President Mills Budget for 2009
The budget is projected at GH¢9.8 billion, which is structured into the three thematic areas of the Growth and Poverty Reduction Strategy (GPRS II): Private Sector Competitiveness, Human Resource Development and Good Governance. GH¢3.013 billion (30.8%) is set aside for mandatory statutory payments, which include External Debt Service, Domestic Interest Payment, Transfers to District Assemblies Common Fund, Ghana Education Trust Funds (GETFUND), Social Security and National Insurance Trust, National Health Insurance Levy (NHIL), Road Fund, Pensions and Gratuities. The remaining GH¢6.780 billion (68.9%) constitute discretionary payments (see 2009 budget, pp. 49-50).
The broad macro-economic objectives of the 2009 budget include:
5.9 per cent GDP growth rate (5.7% for agriculture, 5.9% for industry, and 6.6% for services)
15.3 average inflation and 12.5 end period inflation;
an overall budget deficit of 9.4 per cent of GDP;
more than two months gross international reserves to cover import of goods and services.
The Ministry of Food and Agriculture (MoFA) is allocated GH¢202.6 million, representing about 2 percent of total estimated expenditure.
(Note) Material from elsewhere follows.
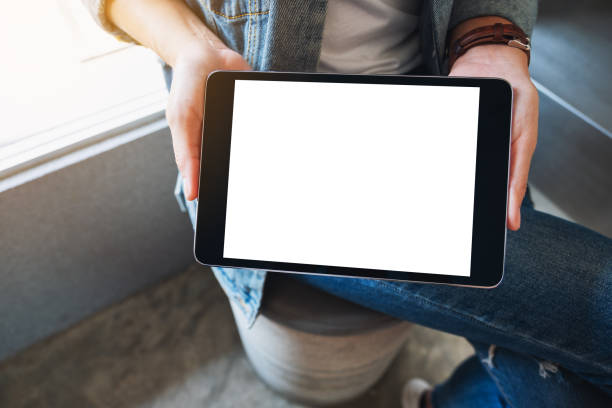 istock a woman holding and showing black tablet pc with blank white screen in cafe 1207247337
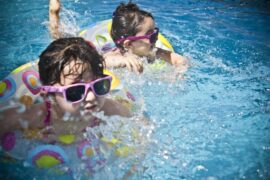 young kids in pool with floaters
In comparison, Ministry of Education merited about 17 percent of total expenditures and Health garnered about 9 percent.
The allocation for MoFA may seem inadequate in the context of CAADP commitment of 10 per cent budgetary allocation to the agricultural sector (See Appendix I attached on sectoral allocations). However, the percentage could be higher if one broadens the definition of agriculture to any relevant spending on crops and livestock, fisheries, forestry, natural resource management, agricultural research, agricultural extension services and training, agricultural marketing, agricultural inputs, irrigation, and rural infrastructure (see AU/NEPAD 2005). While FASDEP II offers MoFA a lead responsibility to coordinate agricultural related activities in ministries, departments and agencies, it is evident that some activities earmarked for Ministries of Land and Natural Resources; Trade and Industry; Energy, Transport, Roads and Highways; and Environment Science and Technology will impact on the agricultural sector. Appendix II (attached) provides a listing of the stated commitments within these sectoral areas across the government infrastructure.
On funding sources, while about 68 percent of the allocation for MoFA is donor driven, only 4 and 9 percents of allocations for Education and Health respectively are from donor funds. It is about time domestic financing of agriculture is sought for as has been done for the education and heath sectors through a 2.5 per cent levy of VAT each for Ghana Education Trust Fund (GETFUND) and National Health Insurance Levy (NHIL).
There may be donor injections as the World Bank has promised to front-load $300 million to support the 2009 budget while the Japanese government is donating $3.5 million. However, in the wake of the global economic crisis, it is possible donor injections might not flow as expected.
In other news…
Vetting of deputy ministerial nominees is ongoing amidst mixed reactions on the performances of some nominees. The President has dropped a nominee for Ministry of Communication. He has also appointed 11 people to the Council of State.
In Parliament, sub-committees are being constituted. And as Electoral Commission fixes March 17 and 18 as filing dates and April 7 for the by-election, the scramble for the Jirapa MP seat has heated up, especially in the ruling party.